Cornwall nodded. "As far as the Tower. I go beyond the Tower.*

"You know the way?" asked Gib.

"To the Tower? No, just the general direction. There are maps, but not too reliable."

"I have a friend," said Gib. "Hal of the Hollow Tree. He has traveled widely. He might know. He might go with us to point out the way."

"Consider this," said Cornwall, "before you decide we should go together: Already there has been one attempt to kill me; there might be others."

"But whoever is concerned already thinks you dead."

"Yes, of course, at the moment that is true. But there would be many eyes along the way and many tongues. Travelers would be noticed and would be talked about."

"If Hal went with us, we'd travel no roads or trails. We'd travel in the forest. There would be few to see us."

"You sound as if you want to travel with me, even knowing…"

"We of the marshes are timid folk," said Gib. "We feel unsafe when we go far from the marsh. I don't mind telling you I shrink from the idea of the journey. But with you and Hal along…"

"You are good friends with Hal?"

"The best friend that I have. We visit back and forth. He is young, about as old as I am, and stronger, and he knows the woods. He knows no fear. He steals from cornfields, he raids garden patches…"

"He sounds a good man to be with."

"He is all of that," said Gib.

"You think he'd go with us?"

"I think he would. He is not one to turn his back on adventure."

10

Sniveley, the gnome, said, "So you want to buy the sword? What do you want the sword for? It is not for such as you. You could scarcely lift it. It is fashioned for a human. No pretty piece of iron, but a sword for a fighting man."

"I have known you for a long time," said Gib. "You have known my people for a long time. And the People of the Hills.
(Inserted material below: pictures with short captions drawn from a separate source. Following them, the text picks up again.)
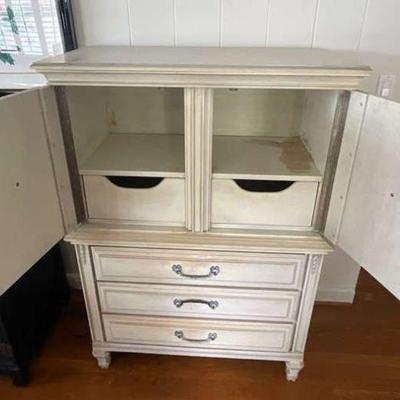 NVN172- White Wooden Cabinet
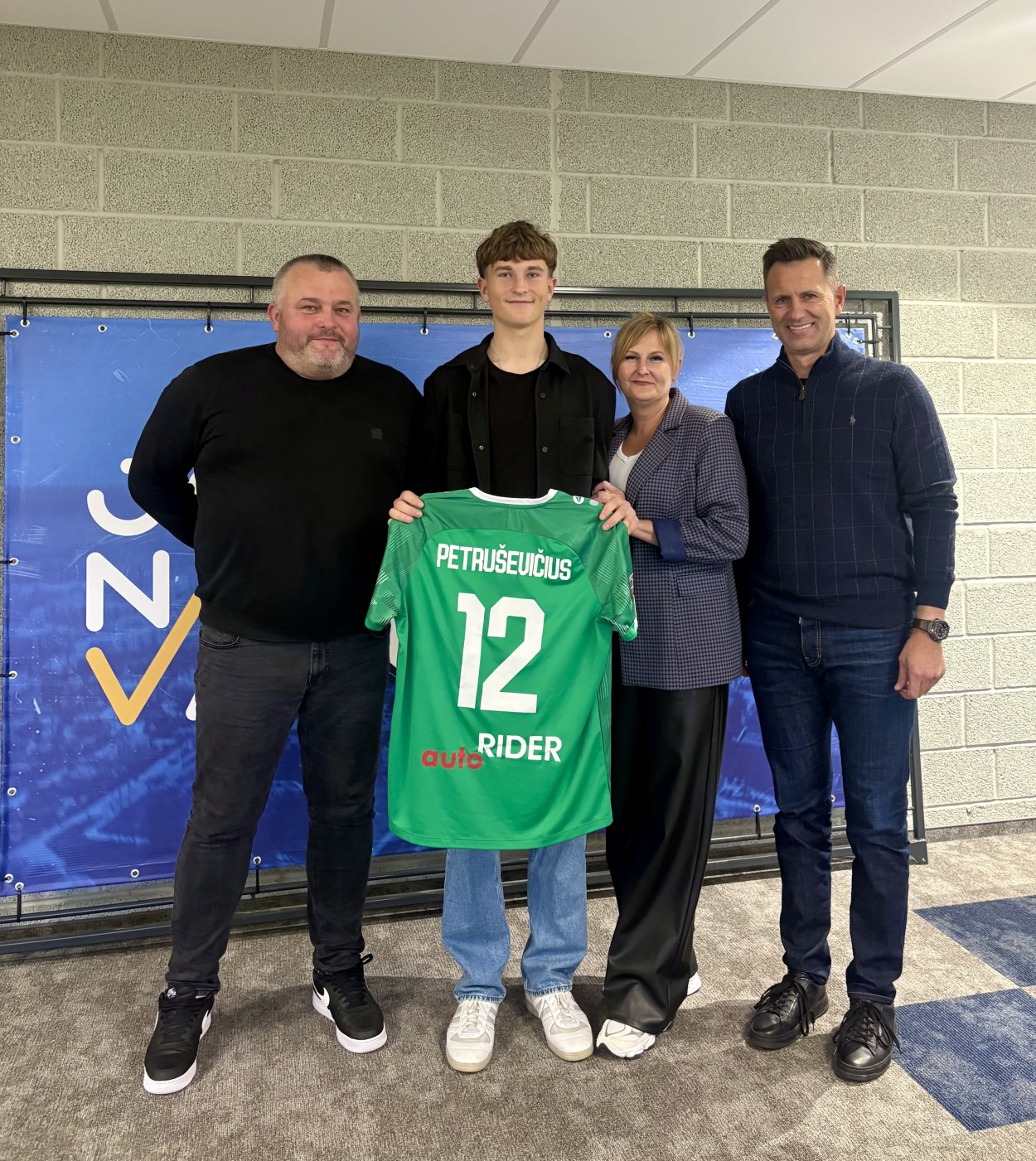 Jonavos futbolo akademijos auklėtinis Domas Petruševičius pasirašė ilgalaikę profesionalią sutartį su FK Jonava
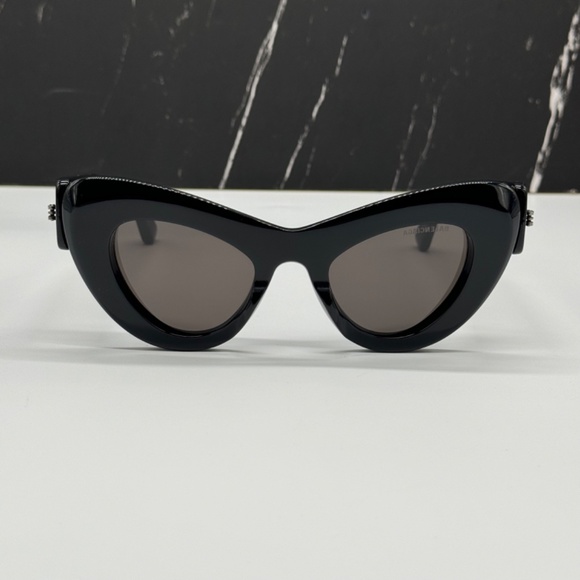 NEW BB0204S 001 BALENCIAGA BLACK GREY CAT EYE WOMEN BALENCIAGA SUNGLASSES - Picture 4 of 10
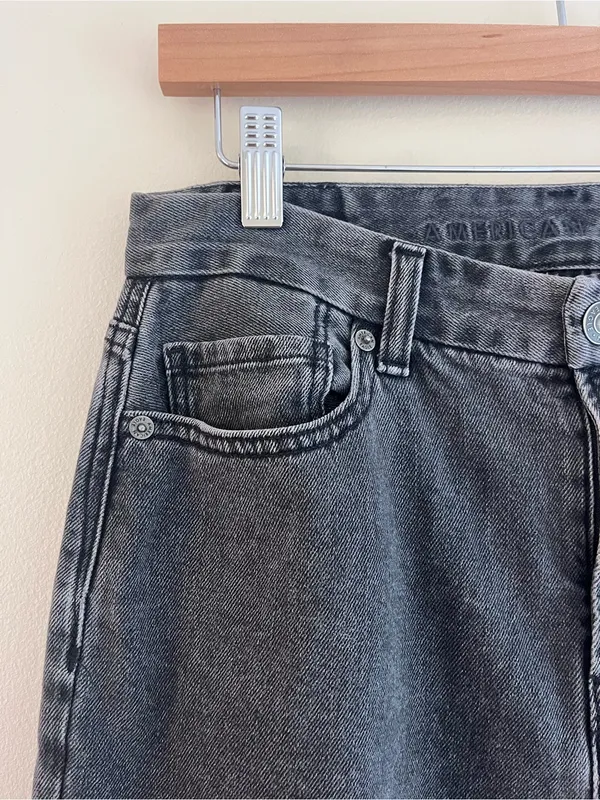 American Eagle Curvy Mom Jeans - Size Women’s 4 Short - Image 5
Can I speak in confidence?"

Sniveley twitched his ears and scratched the back of his head. "You should know better than to ask me that. We are not blabbermouths, we gnomes. We are a business people and we are not gossips. We hear many things and we do not pass them on. Loose mouths can be a fertile source of trouble and we want no trouble. You know full well that we of the Brotherhood—the goblins and the elves and all the rest of us—live in the land of humans on their sufferance. It is only by sticking to our business and staying strictly out of matters that are no affair of ours that we can survive at all. The Inquisition forever sniffs around, but it seldom acts against us if we remain somewhat invisible. But let us become ever so faintly obnoxious and some pesty human will go rushing off to inform on us, and then there is hell to pay. Perhaps I should be the one to ask if this confidential matter that you mention might be the cause of trouble to us."

"I don't think so," Gib told him. "If I had thought so, I would not have come. We marsh people need you and through the years you have dealt fairly with us. You have heard, of course, of the massacre of the pack train just two nights ago."

Sniveley nodded. "A ghastly business. Your people buried them?"

"We buried what was left of them. We leveled and disguised the graves. We towed the dead animals far out into the marsh. We left no sign of what had happened."

Sniveley nodded. "That is good," he said. "The train will be missed, of course, and the authorities, such as they are, may make some investigation. Not too much of an investigation, I would think, for this is still border country and officialdom does not rest quite easy here. If there had been blatant evidence, they would have had to investigate, and that would have been bad. We, none of us—humans or you or the People of the Hill or the Brotherhood—have any desire for human bloodhounds to be snooping in our yards."

"I feel bad," said Gib, "about one aspect of it. We could not say the proper words above their graves. We do not know the words. Even if we did, we'd not be the proper persons to recite them. We buried them unshrived."

"They died unshrived," said Sniveley, "and it's all foolishness, in any case."

"Foolishness, perhaps," said Gib, "but no more foolishness, perhaps, than many of our ways."

"Which brings us," said Sniveley, "to how all of this is connected with your wanting the sword."

"Not all of them were killed," said Gib. "I stumbled on the massacre and found one who was still alive. It's he who needs the sword."

"He had a sword before and it was looted from him?"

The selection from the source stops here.